French tarts sound fancy but there is nothing easier to prepare and did you know savory tarts, are the best way to repurpose leftovers? You can toss just about anything into a tart and provided it is fresh, it will taste amazing. My artichoke and Red Pepper Tart is one that I make often. It starts with a sheet of puff pastry for the crust and you can see I like it rustic. Just fold the corners of the pastry back onto the other ingredients and it bakes to golden perfection. Why cut those tasty corners off?

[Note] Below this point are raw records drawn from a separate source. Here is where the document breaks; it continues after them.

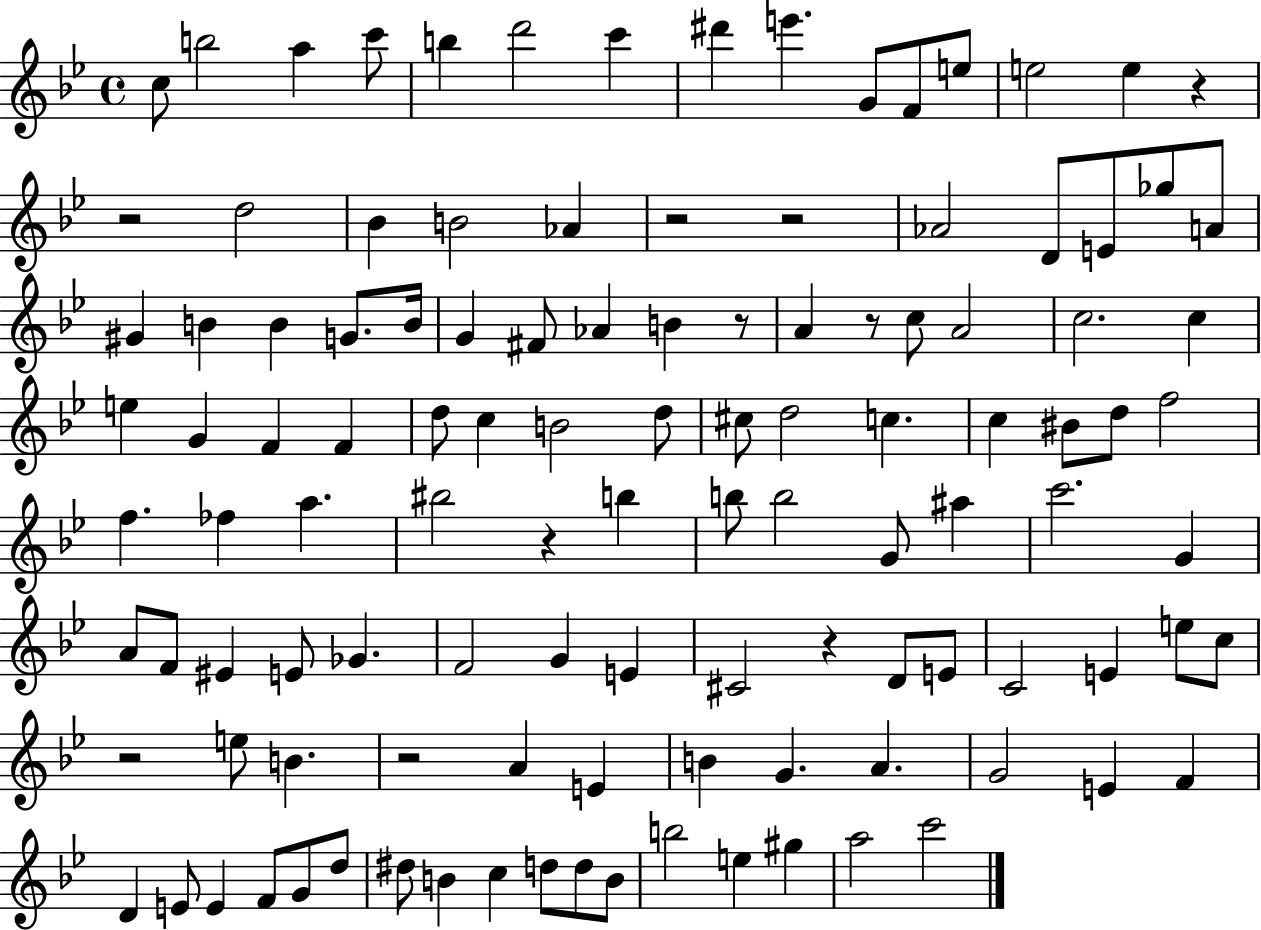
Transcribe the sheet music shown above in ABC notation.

X:1
T:Untitled
M:4/4
L:1/4
K:Bb
c/2 b2 a c'/2 b d'2 c' ^d' e' G/2 F/2 e/2 e2 e z z2 d2 _B B2 _A z2 z2 _A2 D/2 E/2 _g/2 A/2 ^G B B G/2 B/4 G ^F/2 _A B z/2 A z/2 c/2 A2 c2 c e G F F d/2 c B2 d/2 ^c/2 d2 c c ^B/2 d/2 f2 f _f a ^b2 z b b/2 b2 G/2 ^a c'2 G A/2 F/2 ^E E/2 _G F2 G E ^C2 z D/2 E/2 C2 E e/2 c/2 z2 e/2 B z2 A E B G A G2 E F D E/2 E F/2 G/2 d/2 ^d/2 B c d/2 d/2 B/2 b2 e ^g a2 c'2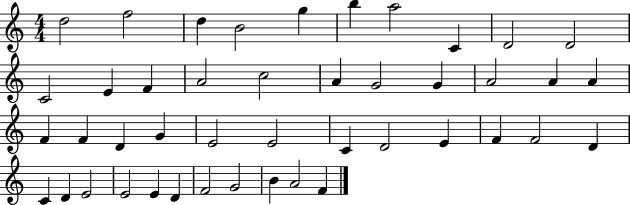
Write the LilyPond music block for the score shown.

{
  \clef treble
  \numericTimeSignature
  \time 4/4
  \key c \major
  d''2 f''2 | d''4 b'2 g''4 | b''4 a''2 c'4 | d'2 d'2 | \break c'2 e'4 f'4 | a'2 c''2 | a'4 g'2 g'4 | a'2 a'4 a'4 | \break f'4 f'4 d'4 g'4 | e'2 e'2 | c'4 d'2 e'4 | f'4 f'2 d'4 | \break c'4 d'4 e'2 | e'2 e'4 d'4 | f'2 g'2 | b'4 a'2 f'4 | \break \bar "|."
}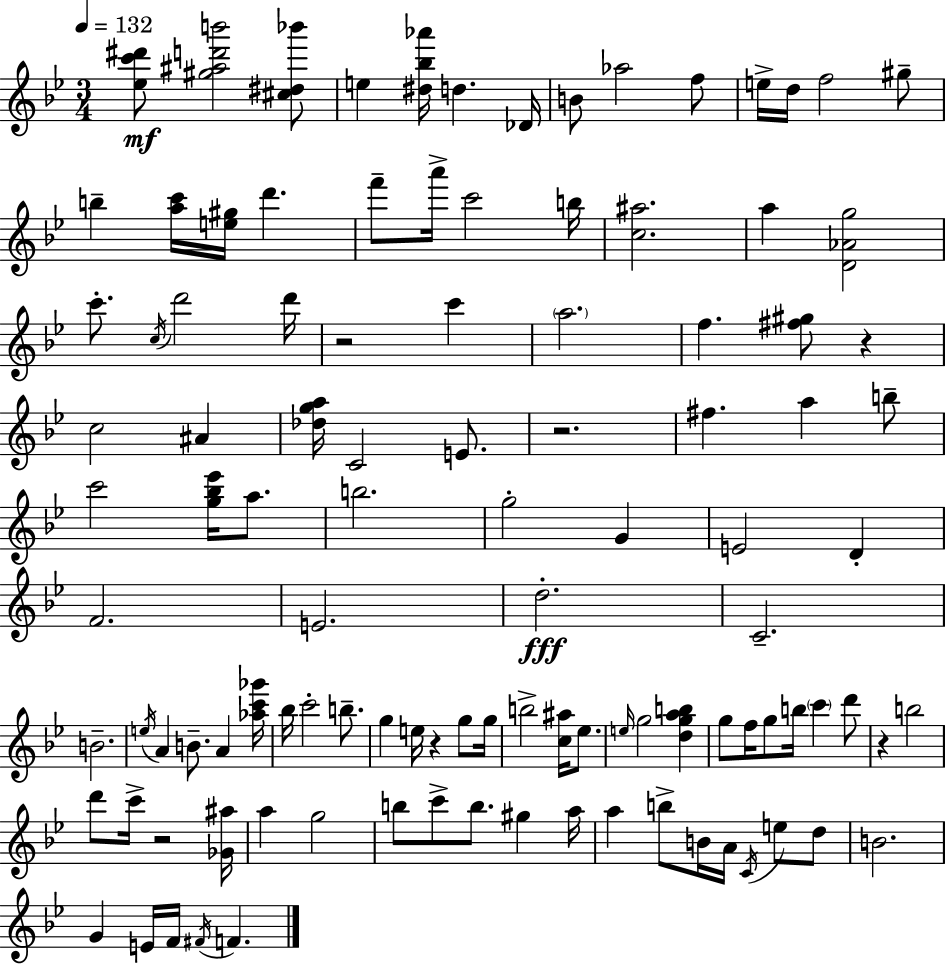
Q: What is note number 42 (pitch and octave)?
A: C4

I hope you will be inspired to whip up a French Tart for your family tonight, pair it with a simple green salad and you will eat like the French!
Salmon and Artichoke Tart
1 sheet puff pastry
½ cup cream or milk
1 cup grated Gruyere or Swiss cheese
1 ½ cups cooked salmon chunks
1 ½ cups frozen artichoke coarsely chopped
1 red bell pepper sliced in rounds
½ cup grated parmesan cheese
½ teaspoon fresh dill finely chopped
½ teaspoon salt
¼ freshly ground pepper
Preheat oven to 400 degree. Unfold puff pastry sheet on a floured surface. Eliminate folds in dough by rolling with a rolling pin. Grease a deep 9 inch round quiche dish. Place dough into dish, letting the corners fall over. Fill tart by first sprinkling an even amount of gruyere cheese into the dish. Next layer the salmon and the artichokes. In a bowl, beat eggs, milk and seasonings until well combined. Pour the egg mixture into the dish and sprinkle with parmesan cheese. Place the pepper rounds over the top of the other ingredients. Fold corners of pastry over the tart and bake until center is set and it is puffed and brown, about 35-40 minutes.
When you have a few small pieces of cooked salmon left over, place in a freezer bag and into the freezer. Continue adding to the bag until you have enough for Salmon Quiche!